◆ About this task
Without including any pictures, give back all of the data exactly.

Start of Source material

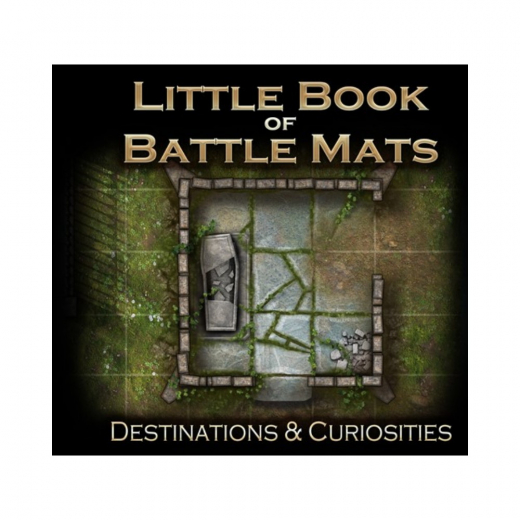 Little Book of Battle Mats - Destinations & Curiosities i gruppen SÄLLSKAPSSPEL / Rollspel hos Spelexperten (LBM057)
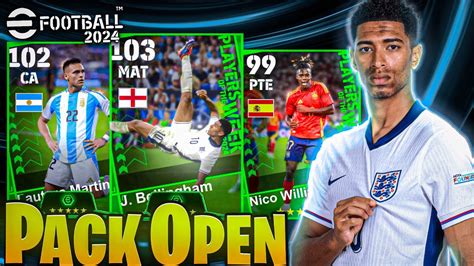 Pack Open Em Busca Do Bellingham Mpeto Da Box De Potw No Efootball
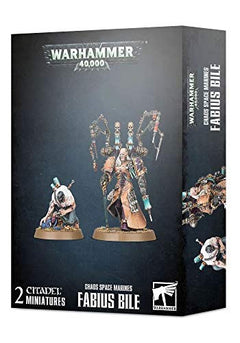 Games Workshop Warhammer 40K Chaos Space Marines Fabius Bile 43-73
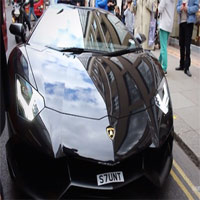 Ô tô - Xe máy - Siêu xe đặc biệt của tỷ phú gây náo loạn đường phố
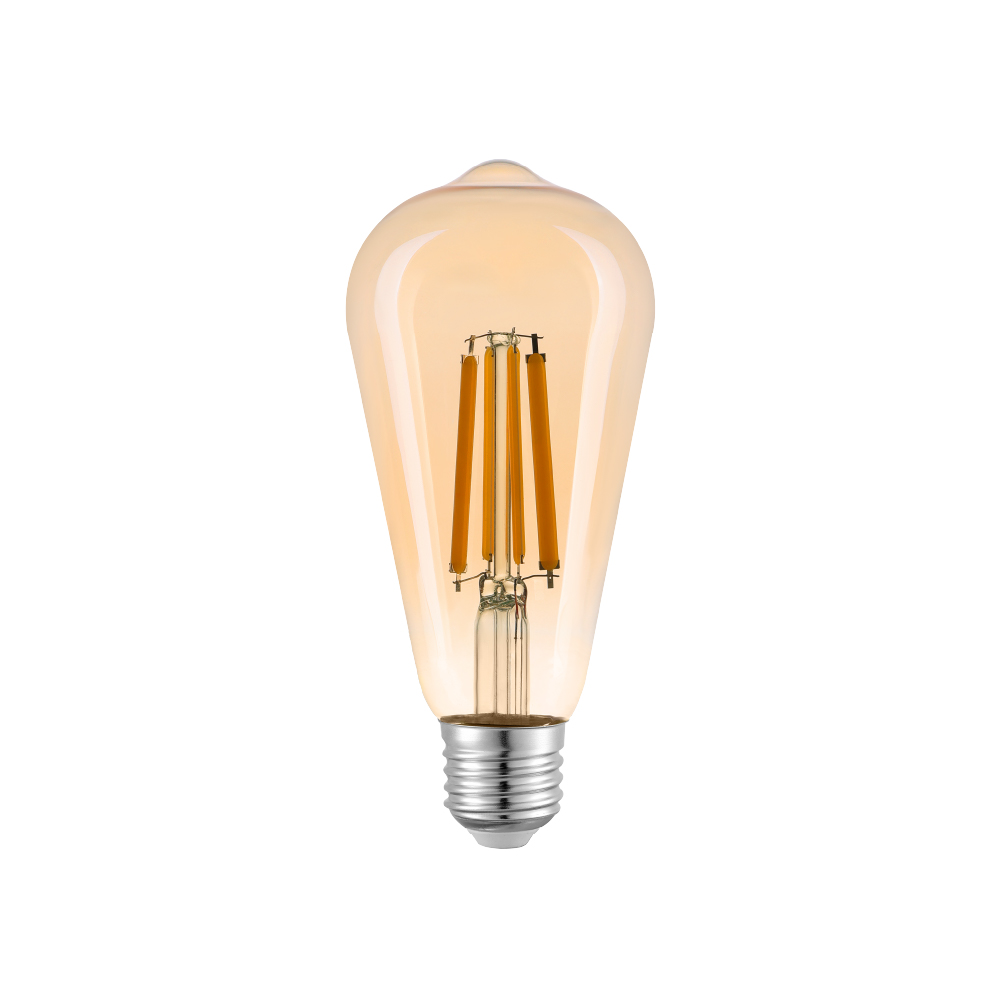 Лампа LED FILAMENT ST64 12W E27 2200К VIOLUX ( 836034 )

End of Source material

◆ Result of the exercise
 Little Book of Battle Mats - Destinations & Curiosities i gruppen SÄLLSKAPSSPEL / Rollspel hos Spelexperten (LBM057)
 Pack Open Em Busca Do Bellingham Mpeto Da Box De Potw No Efootball
 Games Workshop Warhammer 40K Chaos Space Marines Fabius Bile 43-73
 Ô tô - Xe máy - Siêu xe đặc biệt của tỷ phú gây náo loạn đường phố
 Лампа LED FILAMENT ST64 12W E27 2200К VIOLUX ( 836034 )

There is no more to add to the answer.